**Work instruction:** Answer with a single number: the count of lines below that hold "Honda".

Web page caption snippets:
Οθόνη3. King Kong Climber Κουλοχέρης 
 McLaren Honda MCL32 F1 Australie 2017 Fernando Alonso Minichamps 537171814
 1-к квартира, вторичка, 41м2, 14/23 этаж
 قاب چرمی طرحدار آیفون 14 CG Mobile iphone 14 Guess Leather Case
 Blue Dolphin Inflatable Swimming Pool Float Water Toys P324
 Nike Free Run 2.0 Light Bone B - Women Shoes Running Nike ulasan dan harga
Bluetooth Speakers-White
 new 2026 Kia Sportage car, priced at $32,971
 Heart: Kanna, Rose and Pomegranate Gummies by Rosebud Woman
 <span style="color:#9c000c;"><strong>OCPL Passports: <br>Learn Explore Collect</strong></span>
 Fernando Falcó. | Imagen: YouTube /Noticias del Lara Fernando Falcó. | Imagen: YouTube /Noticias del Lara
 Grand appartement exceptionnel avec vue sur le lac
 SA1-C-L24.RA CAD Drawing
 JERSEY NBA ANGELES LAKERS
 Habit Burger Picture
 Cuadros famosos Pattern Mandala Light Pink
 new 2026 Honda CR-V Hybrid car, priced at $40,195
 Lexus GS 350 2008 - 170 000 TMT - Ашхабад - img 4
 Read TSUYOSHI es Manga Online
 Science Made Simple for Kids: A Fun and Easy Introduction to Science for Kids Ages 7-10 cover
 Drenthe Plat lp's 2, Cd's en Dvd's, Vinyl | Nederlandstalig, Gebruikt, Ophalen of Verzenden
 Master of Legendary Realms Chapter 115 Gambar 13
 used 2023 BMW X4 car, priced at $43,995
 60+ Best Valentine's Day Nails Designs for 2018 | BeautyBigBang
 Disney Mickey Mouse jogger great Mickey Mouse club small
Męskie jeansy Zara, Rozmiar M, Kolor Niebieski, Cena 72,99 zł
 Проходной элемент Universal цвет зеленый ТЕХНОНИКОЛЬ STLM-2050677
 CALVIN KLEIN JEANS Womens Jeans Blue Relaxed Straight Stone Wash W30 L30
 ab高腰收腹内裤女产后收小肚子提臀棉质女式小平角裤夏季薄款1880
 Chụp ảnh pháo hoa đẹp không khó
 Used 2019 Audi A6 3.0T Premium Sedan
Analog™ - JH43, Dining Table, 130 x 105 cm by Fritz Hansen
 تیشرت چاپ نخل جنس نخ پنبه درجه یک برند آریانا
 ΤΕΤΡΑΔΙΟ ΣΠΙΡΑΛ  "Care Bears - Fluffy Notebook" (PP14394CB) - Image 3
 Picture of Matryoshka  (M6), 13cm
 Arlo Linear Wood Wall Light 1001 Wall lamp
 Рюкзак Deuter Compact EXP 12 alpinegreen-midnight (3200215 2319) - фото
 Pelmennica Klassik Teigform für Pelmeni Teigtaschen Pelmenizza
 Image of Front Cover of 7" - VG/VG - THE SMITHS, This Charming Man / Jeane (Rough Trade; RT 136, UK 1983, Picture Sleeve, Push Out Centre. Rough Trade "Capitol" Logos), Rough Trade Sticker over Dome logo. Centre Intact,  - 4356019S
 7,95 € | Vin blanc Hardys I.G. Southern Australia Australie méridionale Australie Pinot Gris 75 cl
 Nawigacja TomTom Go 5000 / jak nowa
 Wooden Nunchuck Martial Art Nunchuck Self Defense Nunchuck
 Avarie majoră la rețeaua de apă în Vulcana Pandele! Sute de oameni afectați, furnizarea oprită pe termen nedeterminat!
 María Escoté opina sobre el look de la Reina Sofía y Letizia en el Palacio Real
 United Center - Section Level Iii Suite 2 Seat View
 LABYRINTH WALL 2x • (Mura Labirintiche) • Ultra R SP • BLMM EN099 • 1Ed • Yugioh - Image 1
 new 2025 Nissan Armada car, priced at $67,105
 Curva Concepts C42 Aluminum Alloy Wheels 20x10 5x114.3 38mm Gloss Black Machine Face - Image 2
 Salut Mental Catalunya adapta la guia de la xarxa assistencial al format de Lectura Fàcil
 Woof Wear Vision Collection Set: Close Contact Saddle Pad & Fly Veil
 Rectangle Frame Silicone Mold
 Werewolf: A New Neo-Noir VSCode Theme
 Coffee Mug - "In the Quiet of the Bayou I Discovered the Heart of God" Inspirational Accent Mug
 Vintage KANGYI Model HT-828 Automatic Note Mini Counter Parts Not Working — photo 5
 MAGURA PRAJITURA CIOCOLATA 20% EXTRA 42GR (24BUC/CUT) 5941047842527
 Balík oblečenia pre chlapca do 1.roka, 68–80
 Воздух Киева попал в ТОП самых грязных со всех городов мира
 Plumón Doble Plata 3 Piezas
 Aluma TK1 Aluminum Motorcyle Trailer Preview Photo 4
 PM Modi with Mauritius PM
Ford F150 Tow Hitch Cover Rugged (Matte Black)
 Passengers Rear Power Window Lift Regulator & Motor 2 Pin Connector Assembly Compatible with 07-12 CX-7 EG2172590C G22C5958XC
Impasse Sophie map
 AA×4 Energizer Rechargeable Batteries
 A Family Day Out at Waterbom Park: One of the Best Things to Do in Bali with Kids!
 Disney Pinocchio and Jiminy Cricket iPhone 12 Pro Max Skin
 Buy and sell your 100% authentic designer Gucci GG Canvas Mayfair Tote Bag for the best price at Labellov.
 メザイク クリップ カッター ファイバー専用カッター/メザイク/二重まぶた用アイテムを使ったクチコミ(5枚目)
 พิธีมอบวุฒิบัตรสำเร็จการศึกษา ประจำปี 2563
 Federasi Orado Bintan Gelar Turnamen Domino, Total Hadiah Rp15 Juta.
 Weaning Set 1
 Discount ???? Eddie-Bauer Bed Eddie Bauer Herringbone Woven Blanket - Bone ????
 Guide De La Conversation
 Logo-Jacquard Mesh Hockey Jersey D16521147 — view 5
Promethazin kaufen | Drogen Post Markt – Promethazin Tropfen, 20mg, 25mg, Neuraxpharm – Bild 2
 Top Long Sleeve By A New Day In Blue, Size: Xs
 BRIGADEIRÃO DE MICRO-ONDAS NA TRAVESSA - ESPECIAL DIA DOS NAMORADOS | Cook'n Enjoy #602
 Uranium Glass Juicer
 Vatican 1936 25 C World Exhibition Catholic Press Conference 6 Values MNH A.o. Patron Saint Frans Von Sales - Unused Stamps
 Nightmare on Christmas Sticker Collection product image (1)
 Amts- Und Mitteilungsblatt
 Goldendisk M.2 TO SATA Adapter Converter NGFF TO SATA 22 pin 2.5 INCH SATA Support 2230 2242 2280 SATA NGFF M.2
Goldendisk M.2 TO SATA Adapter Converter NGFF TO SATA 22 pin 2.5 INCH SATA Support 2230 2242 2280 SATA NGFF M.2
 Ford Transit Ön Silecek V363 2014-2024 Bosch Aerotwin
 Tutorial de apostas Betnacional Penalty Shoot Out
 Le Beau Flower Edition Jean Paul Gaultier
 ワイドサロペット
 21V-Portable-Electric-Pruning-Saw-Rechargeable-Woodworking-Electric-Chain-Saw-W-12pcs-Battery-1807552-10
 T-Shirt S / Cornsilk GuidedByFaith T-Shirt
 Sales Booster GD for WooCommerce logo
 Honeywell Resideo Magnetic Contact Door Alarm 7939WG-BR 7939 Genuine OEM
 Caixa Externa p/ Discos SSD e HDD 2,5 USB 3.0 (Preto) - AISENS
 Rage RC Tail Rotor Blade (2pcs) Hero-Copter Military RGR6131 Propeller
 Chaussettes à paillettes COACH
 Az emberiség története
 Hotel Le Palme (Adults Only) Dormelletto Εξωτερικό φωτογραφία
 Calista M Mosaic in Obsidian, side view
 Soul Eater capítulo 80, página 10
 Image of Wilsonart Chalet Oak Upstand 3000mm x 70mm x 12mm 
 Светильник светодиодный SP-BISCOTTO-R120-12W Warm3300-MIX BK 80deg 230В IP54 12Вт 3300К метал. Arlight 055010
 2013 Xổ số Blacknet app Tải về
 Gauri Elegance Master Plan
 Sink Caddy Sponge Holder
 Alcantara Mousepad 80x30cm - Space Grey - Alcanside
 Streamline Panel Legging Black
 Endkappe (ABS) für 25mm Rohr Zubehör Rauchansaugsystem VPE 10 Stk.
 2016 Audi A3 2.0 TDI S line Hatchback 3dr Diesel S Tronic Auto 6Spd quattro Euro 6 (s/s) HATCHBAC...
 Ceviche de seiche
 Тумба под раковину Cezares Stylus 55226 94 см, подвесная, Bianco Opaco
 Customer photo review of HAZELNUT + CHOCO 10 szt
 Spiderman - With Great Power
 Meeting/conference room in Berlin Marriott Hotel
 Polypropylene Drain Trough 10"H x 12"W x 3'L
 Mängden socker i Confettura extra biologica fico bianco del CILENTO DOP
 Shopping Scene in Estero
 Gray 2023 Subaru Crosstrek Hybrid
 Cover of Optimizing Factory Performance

**Solution:** 2